The namesake military operation was carried out by agents of the Czechoslovak government in exile from 1941 to 1942, as native paratroopers infiltrated their conquered homeland in order to assassinate Heydrich, the Reich-Protector of the region. Heydrich was one of the Nazis who basically embodied all of their most frighteningly evil characteristics – Hitler himself (Hitler!) described him as “the man with the iron heart.” He was one of the masterminds of the Holocaust and oversaw a brutal regime in Czechoslovakia. Confined as it is by budget, Anthropoid informs the audience of this via intertitles and leaves Nazi atrocity mostly off-screen. Instead, it stays with the paratroopers, mainly Jozef Gabcik (Cillian Murphy) and Jan Kubis (Jamie Dornan), as they prepare for the assassination.
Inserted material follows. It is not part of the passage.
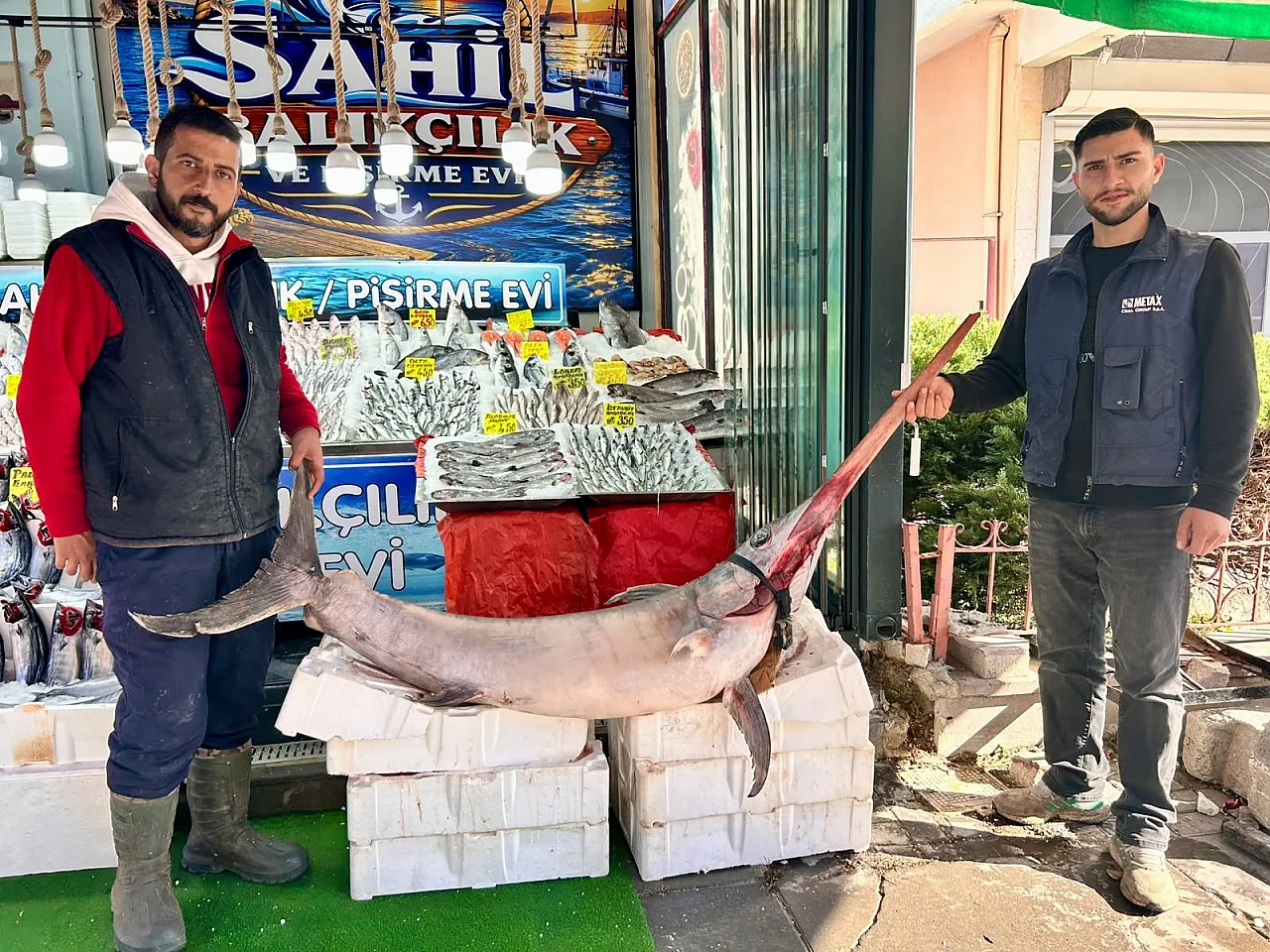 Ankara'da dev kılıç balığı görenleri şaşırttı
As wartime thrillers go, Anthropoid is disappointingly limp. The plot to kill Heydrich wasn’t terribly complex, but rather than fill the solid hour or so of runtime leading up to the attempt with, say, an exploration of life in Prague under occupation, the movie mostly streeeeetches out each development in the plan. The various figures of the Czechoslovak resistance, from the main characters to leaders like Jan Zelenka-Hajsky (Toby Jones), are mostly righteously grim ciphers. The most intriguing figure is Anna Geislerova’s Lenka, a steely resistance foot soldier who’s given not nearly enough to do and has a “romance” with Gabcik apparently missing all of its actual romantic scenes.
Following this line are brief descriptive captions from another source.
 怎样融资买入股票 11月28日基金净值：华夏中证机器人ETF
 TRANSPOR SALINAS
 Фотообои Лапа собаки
The story starts cooking after the attack on Heydrich finally goes down, and the screws start drawing inward on the characters. As each avenue for escape is shut off and each ray of hope is snuffed out, the film at last delivers some honest-to-god tension. Even then, however, it’s numbed. Gabcik and Kubis rendezvous with their fellow paratroopers for exfiltration, but they are all essentially indistinguishable from one another. With their main mission out of the way, the viewer is given little reason to care what happens to them now. There is of course the elemental, even primal motivation of survival, but trying to make that the main hook while also paying lip service to higher ideals of sacrificing all for one’s country is a ruesome contradiction. If there’s a central ethos to Anthropoid’s view of war, it’s a vague idea about how a soldier is obligated to fight to the death before giving up, embodied by how some characters pop cyanide capsules when cornered while others wait until they’re down to their last bullet before they cease. But even that isn’t given real thought.
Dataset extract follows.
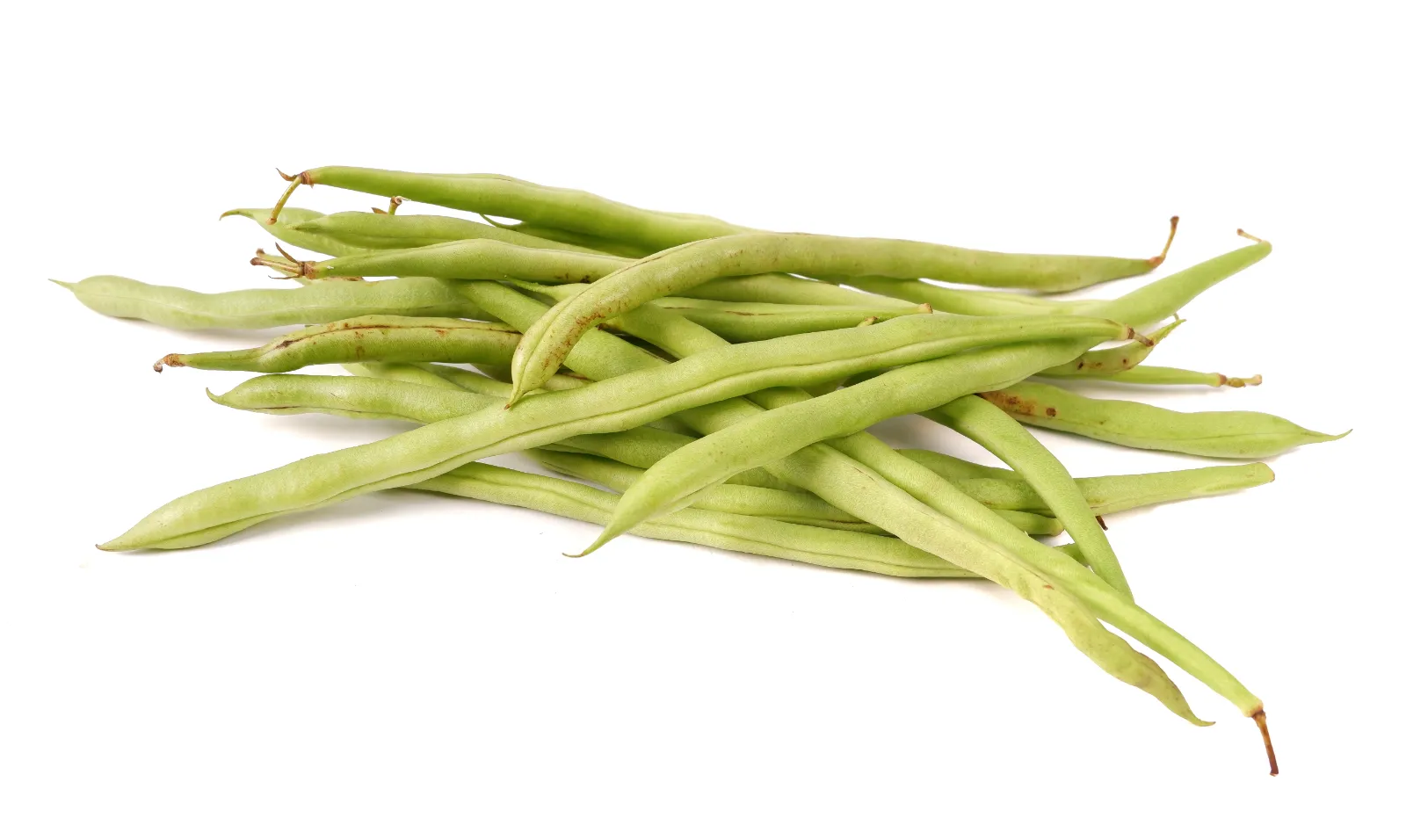 Haricot blanc frais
Aesthetically, Anthropoid is a model of respectable period recreation, making the best use it can with limited locations to embody the time and place – even if, again, the attempt to replicate the mindset of the time, which I’d argue is far more important, is half-assed. Prague hardly comes alive as a place, appearing generically European, almost an archetype of the World War II city. It’s like a live-action Call of Duty stage — although playing Call of Duty would be more exciting than this. Though the assassination attempt and the paratroopers’ last stand are both staged decently enough (the latter sequence is at least rousingly loud), that this movie hits its peak at “decent enough” doesn’t speak too well for it.
Anthropoid opens nationwide on Friday, August 12.